» Task inputs

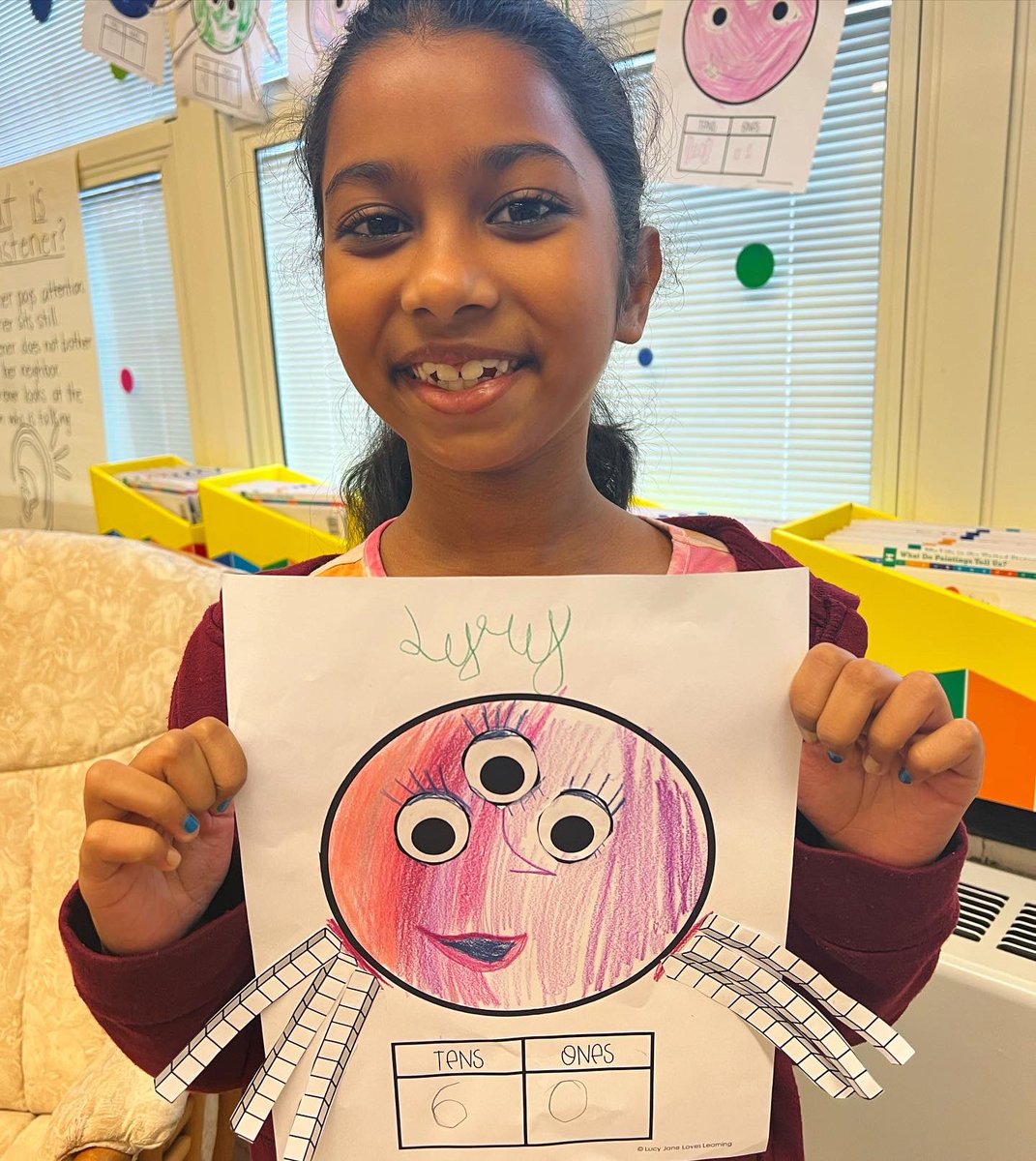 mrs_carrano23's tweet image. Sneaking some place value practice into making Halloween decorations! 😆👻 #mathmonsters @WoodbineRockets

==

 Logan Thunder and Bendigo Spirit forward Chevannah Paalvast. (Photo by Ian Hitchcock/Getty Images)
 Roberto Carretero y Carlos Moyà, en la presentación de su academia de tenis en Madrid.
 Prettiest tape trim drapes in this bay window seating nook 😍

» Activity
Using the data above, transcribe the lines that run from the line with "Logan Thunder and" to the line with "Prettiest tape trim", both ends kept, and output nothing else.

» Answer to the exercise
 Logan Thunder and Bendigo Spirit forward Chevannah Paalvast. (Photo by Ian Hitchcock/Getty Images)
 Roberto Carretero y Carlos Moyà, en la presentación de su academia de tenis en Madrid.
 Prettiest tape trim drapes in this bay window seating nook 😍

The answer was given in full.